Courtney Love missed a court date because she was in the hospital with a gynecological condition. And if you’re anything like me, you hope you never, ever, have to hear the words Courtney Love and gynecological condition again.

When I hear Courtney Love and gynecological condition, why do I picture a Hazmat team?

Rumor has it that Love was wandering the New York streets bumming smokes. If Courtney isn’t careful, people might think she’s a little weird.

Related to backlash
Now that it is official that Shaquille O’Neal has left the Los Angeles Lakers for the Miami Heat, many L. A. sports writers are taking shots at O’Neal, his weight gains, mumbling interviews, questionable training and no championships. In short, it is a serious case of Shaq-lash.
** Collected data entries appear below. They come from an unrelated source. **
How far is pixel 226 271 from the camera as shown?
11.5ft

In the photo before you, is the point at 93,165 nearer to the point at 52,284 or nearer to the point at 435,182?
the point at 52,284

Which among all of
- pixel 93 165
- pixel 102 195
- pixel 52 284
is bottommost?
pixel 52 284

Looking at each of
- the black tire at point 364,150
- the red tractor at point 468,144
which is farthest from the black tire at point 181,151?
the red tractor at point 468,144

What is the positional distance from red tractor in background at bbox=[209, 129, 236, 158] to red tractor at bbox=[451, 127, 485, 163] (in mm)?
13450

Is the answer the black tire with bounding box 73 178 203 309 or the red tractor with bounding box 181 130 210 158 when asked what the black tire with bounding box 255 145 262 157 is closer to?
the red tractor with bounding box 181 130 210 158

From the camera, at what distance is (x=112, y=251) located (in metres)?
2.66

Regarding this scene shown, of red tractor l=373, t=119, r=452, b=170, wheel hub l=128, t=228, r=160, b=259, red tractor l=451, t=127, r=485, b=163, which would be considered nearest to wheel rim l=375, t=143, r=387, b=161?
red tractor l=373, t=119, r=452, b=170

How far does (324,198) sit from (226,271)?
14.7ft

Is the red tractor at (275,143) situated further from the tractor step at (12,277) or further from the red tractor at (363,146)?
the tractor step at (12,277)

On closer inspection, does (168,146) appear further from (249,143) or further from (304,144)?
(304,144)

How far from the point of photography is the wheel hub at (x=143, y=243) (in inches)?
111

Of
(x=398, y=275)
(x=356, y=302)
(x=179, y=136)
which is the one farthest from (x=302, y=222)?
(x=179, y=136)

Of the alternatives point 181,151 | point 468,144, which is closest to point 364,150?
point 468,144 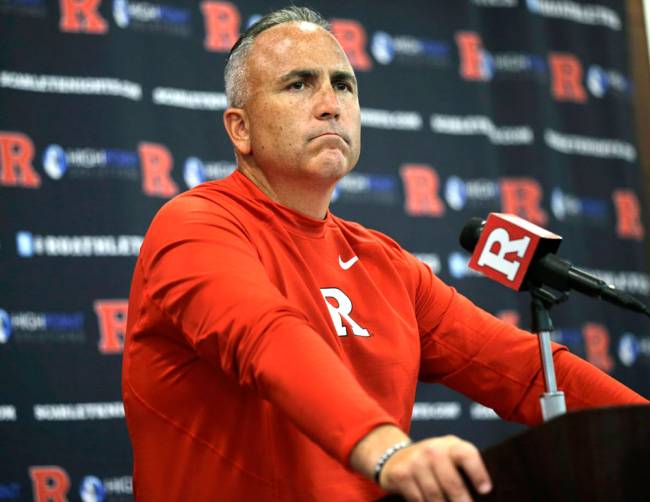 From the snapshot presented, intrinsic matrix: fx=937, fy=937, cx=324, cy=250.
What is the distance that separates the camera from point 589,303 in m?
5.11

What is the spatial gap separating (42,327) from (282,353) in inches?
98.7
The Shaquille O’Neal’s claimed they were selling their 18-bed-room Los Angeles mansion because they have “outgrown it.” Let me tell you, if you’ve outgrown an 18-bedroom house, you might want to start counting the family’s carbs.

The 2 4 Olym ics (The 00 and p are still under construction)
*Even before the Olympic games open, Athens had an electrical blackout. This is actually part of their plan, if the lights are out nobody can see all the unfinished construction.

At this rate, the only light in Athens will be from the Olympic flame.

It’s all part of Athen’s anti-terrorism plan; you can’t blow something up if you can’t see it.

If I didn’t know better, and I don’t
The Tour de France has been crash laden. There are so many bodies lying around it looks like somebody yelled to the French crowd; “Drop and surrender.”

Since you asked;
We have these awesome neighbors, the Garretts. You can’t imagine a nicer, more vibrant, handsome and vigorous family. They are something out of a California Chamber of Commerce dream. Their young adult sons are big, buffed blonde surfers, but they are way too smart to say Dude every other word; the family is always involved with exciting projects, and events. In short, their life is like one big long beer commercial.

So when we have a great weekend, we call it a Garrett-like weekend. And that’s what we had. Saturday I ran thirty minutes and then Mark “The Snake” O’Connor helped try to fix my golf swing. Then it was off to a Point Loma block party hosted by the band I’ve been playing harmonica with, The Mitagators. (The name not my idea) If Norman Rockwell had been in California, he could have done the scene justice: gorgeous ocean sunset through palm trees and pearly clouds, kids laughing, barbeques smoking, dogs barking, band jamming. My daughter, Ann Caroline, got to see Dad play with a band for the first time. She even stood on stage and played the egg-shaker-thingy.

Next day was a La Jolla Shores beach party. I almost drowned during an ocean swim, surf kayaked for the first time, saw two huge leopard sharks – they don’t bite – and ate it in the surf about six times. It was a blast. Then my beloved Cubbies Sammy-spanked the Ratbirds to go into the All Star break with a win - which I am sure will turn their season around. All topped off with smoked, broiled and slow-grilled peach-sauce glazed baby-back ribs with a Cabernet. Not bad. Not bad at all.

Slats and Nuggies, sometimes the bear eats you, sometimes you eat the bear. This weekend, I am proud to report, was one long bear barbeque.